Why Not Do It Myself?
Because I know very little about Firefox Extensions and would rather spend my time working on my own projects. It would take me many hours for me to piece together the knowledge required to get this working as I want it, but hardly any time for someone who is already familiar with writing Firefox Extensions, because all of the heavy lifting has already been written by other people. All that’s left is wiring up the GUI. I think it’s worth $100 to me and the community to have this built, and I think that someone familiar with writing Firefox Extensions should be able to finish it in about three hours which seems a fair trade.

Details

Most of the details are covered in “The Fine Print” and the mock-up below.
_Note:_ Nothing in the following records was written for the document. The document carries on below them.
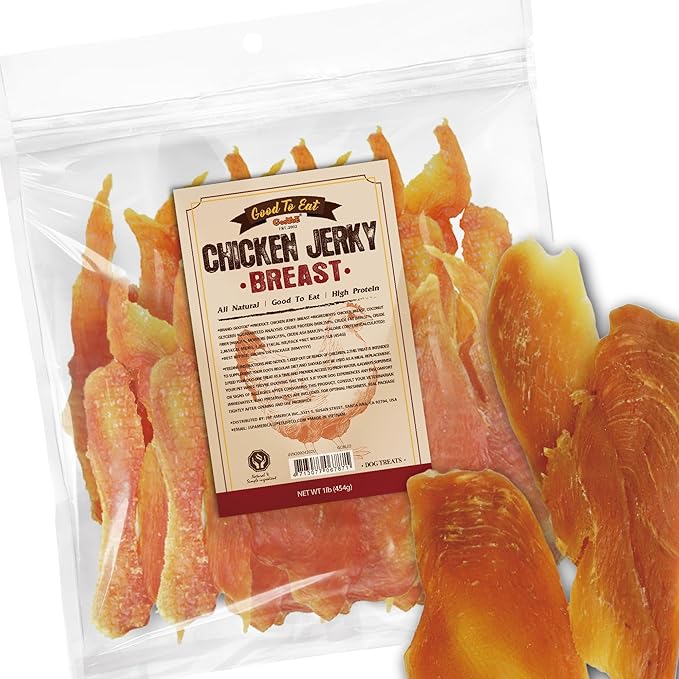Gootoe Chicken Breast Jerky Dog Treats 1 lb, All Natural, Grain-Free, High-Protein, Low Fat, Healthy & Easily Digestible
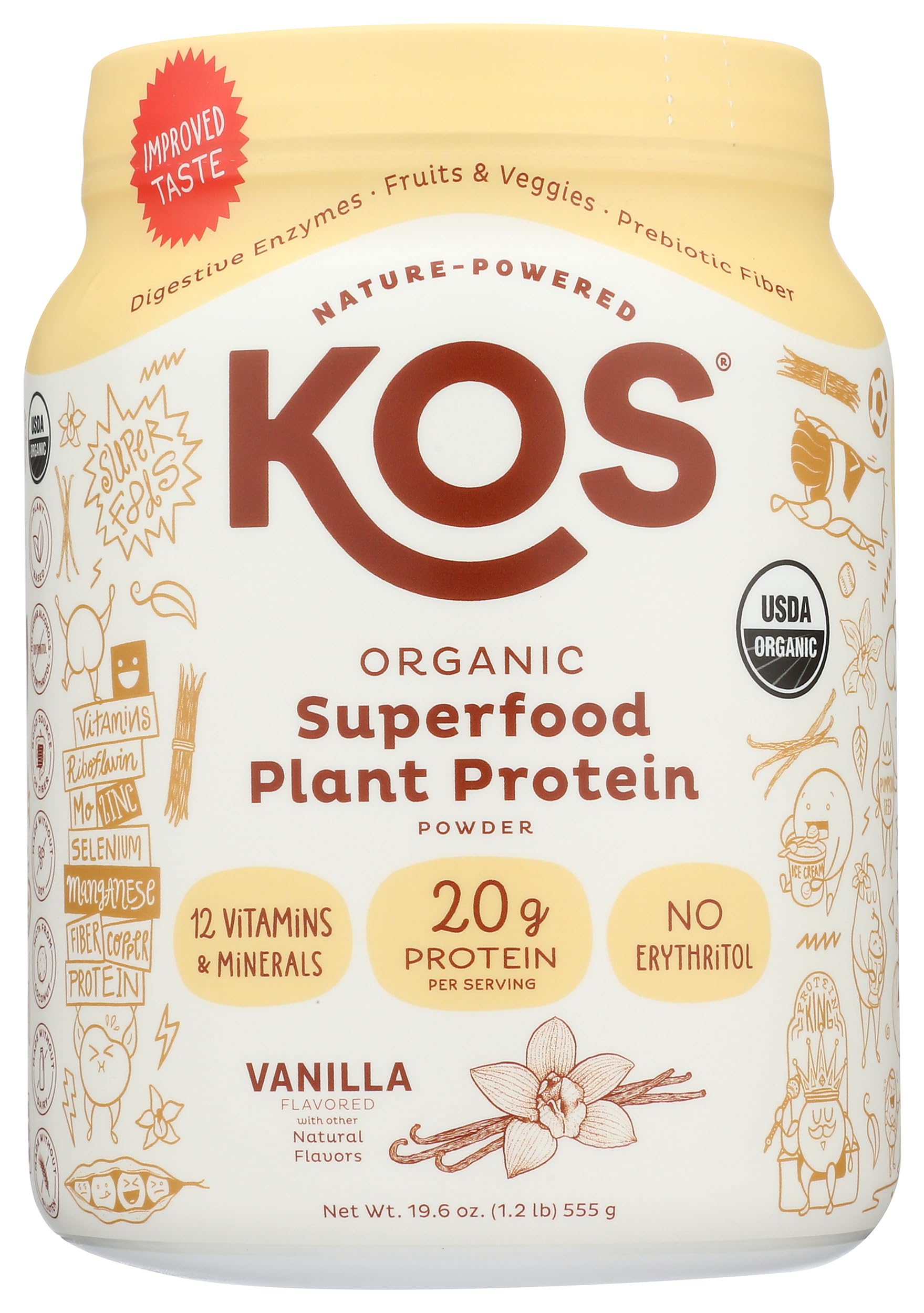 Kos Vegan Protein Powder Erythritol Free, Vanilla - Protein Blend, Plant Based Superfood Rich Inch Vitamins & Minerals - Keto, Dairy Free - Meal Replacement for Women & Men, 15 Servings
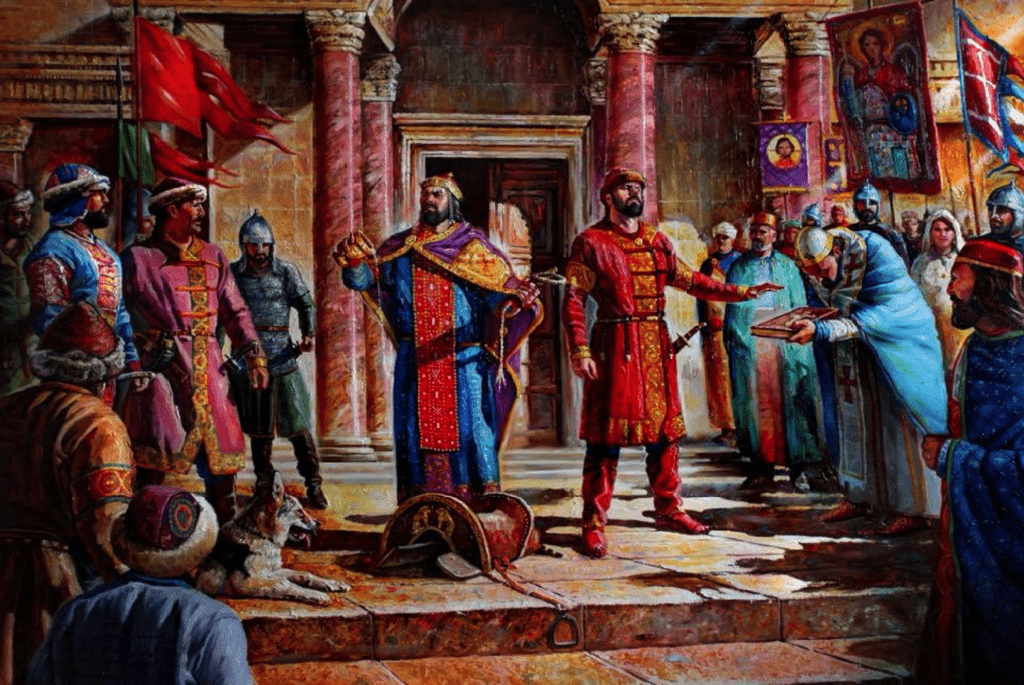 https://imagenes.arrecaballo.es/wp-content/uploads/2015/03/tratado-de-paz-entre-kan-omurtag-y-el-emperador-leon-v-el-armenio-1024x685.png 1024w, https://imagenes.arrecaballo.es/wp-content/uploads/2015/03/tratado-de-paz-entre-kan-omurtag-y-el-emperador-leon-v-el-armenio-300x201.png 300w, https://imagenes.arrecaballo.es/wp-content/uploads/2015/03/tratado-de-paz-entre-kan-omurtag-y-el-emperador-leon-v-el-armenio-768x514.png 768w, https://imagenes.arrecaballo.es/wp-content/uploads/2015/03/tratado-de-paz-entre-kan-omurtag-y-el-emperador-leon-v-el-armenio-1536x1028.png 1536w, https://imagenes.arrecaballo.es/wp-content/uploads/2015/03/tratado-de-paz-entre-kan-omurtag-y-el-emperador-leon-v-el-armenio-100x67.png 100w, https://imagenes.arrecaballo.es/wp-content/uploads/2015/03/tratado-de-paz-entre-kan-omurtag-y-el-emperador-leon-v-el-armenio.png 1990w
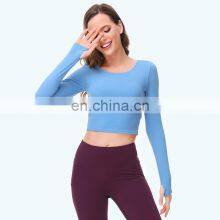 Wholesale Custom Anti-Bacterial Women Gym Wear Fitness Crop Top Long Sleeve Sport Shirt Ladies Workout Exercise Running Clothing thumbnail-4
The only other thing, in case it wasn’t blazingly obvious, is that when you launch this via the Tools menu or a Right click it should be a some sort of XUL pop-up window that won’t be blocked by pop-up blockers. It would be best if you could make the JavaScript easy to be separated from the extension so that I, or someone else, can use it to make a web based version, but this isn’t a criteria for winning. If you’ve got questions, or any of this seems a little vague, or you think a criteria should be changed, please contact me.

The Fine Print

• I’m open to suggestions and changes on any of these requirements.
• It is perfectly acceptable to build upon existing code (including but not limited to either of the links above) as long as the result can be open sourced and the licenses don’t appear to conflict.
• The only programming language involved must be JavaScript and it should not call out to any external programs. I want this to be easy for people to extend.
• Must work on Linux, OS X, and Windows. If you’re only using JavaScript this should be a non-issue. I’ll test it on all platforms the first business-day after I get the submission.
• Unless you can convince me otherwise it should use SHA1 instead of MD5. Yes, they’ve both been “broken” but SHA1 is less broken. And yes, there are open source JavaScript implementations of SHA1.
• Passwords should be in hex (base 64) format so as to avoid any whack characters that sites might not accept.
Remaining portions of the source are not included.